* **PROMPT**
In the entries that follow, the lines from the one with "Handmade Stripe Pattern" through the one with "vidaXL Silla de" are the ones to write out, exactly and with both ends included. Nothing else should appear.

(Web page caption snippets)

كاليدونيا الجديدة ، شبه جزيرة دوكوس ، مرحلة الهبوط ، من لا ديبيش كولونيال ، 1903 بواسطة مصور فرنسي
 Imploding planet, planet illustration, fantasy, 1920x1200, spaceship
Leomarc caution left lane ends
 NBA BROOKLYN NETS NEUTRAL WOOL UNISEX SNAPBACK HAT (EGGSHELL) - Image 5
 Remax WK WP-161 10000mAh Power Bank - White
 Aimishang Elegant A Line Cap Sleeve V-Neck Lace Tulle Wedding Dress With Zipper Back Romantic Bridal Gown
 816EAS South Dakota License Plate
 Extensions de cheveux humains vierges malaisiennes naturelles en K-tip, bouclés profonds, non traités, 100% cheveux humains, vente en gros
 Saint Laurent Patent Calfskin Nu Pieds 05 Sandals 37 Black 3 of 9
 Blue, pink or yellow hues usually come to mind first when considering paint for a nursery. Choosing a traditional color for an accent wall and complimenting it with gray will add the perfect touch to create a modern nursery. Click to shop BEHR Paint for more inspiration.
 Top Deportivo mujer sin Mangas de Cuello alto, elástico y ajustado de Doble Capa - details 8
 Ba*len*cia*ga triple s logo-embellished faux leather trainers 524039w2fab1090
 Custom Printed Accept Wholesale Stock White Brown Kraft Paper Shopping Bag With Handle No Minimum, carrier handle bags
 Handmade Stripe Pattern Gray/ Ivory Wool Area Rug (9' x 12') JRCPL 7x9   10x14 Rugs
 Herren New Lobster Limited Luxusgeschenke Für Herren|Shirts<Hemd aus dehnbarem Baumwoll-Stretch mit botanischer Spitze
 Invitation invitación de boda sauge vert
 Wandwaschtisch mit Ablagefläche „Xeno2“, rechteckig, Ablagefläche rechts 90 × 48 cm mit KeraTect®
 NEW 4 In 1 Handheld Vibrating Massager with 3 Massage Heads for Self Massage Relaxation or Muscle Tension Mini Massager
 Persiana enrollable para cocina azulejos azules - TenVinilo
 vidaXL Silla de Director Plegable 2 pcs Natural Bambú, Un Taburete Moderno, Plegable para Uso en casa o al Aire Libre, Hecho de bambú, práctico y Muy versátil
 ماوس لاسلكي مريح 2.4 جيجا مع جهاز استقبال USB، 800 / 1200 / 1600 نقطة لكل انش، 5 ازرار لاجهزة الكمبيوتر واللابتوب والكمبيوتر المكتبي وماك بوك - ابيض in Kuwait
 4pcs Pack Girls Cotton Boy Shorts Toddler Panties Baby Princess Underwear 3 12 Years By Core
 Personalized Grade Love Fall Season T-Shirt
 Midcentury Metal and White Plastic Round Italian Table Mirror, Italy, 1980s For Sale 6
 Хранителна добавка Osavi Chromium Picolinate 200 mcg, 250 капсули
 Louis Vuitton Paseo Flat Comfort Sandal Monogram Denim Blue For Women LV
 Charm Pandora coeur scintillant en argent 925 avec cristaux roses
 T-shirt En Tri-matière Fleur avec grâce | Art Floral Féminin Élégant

* **TASK OUTPUT**
 Handmade Stripe Pattern Gray/ Ivory Wool Area Rug (9' x 12') JRCPL 7x9   10x14 Rugs
 Herren New Lobster Limited Luxusgeschenke Für Herren|Shirts<Hemd aus dehnbarem Baumwoll-Stretch mit botanischer Spitze
 Invitation invitación de boda sauge vert
 Wandwaschtisch mit Ablagefläche „Xeno2“, rechteckig, Ablagefläche rechts 90 × 48 cm mit KeraTect®
 NEW 4 In 1 Handheld Vibrating Massager with 3 Massage Heads for Self Massage Relaxation or Muscle Tension Mini Massager
 Persiana enrollable para cocina azulejos azules - TenVinilo
 vidaXL Silla de Director Plegable 2 pcs Natural Bambú, Un Taburete Moderno, Plegable para Uso en casa o al Aire Libre, Hecho de bambú, práctico y Muy versátil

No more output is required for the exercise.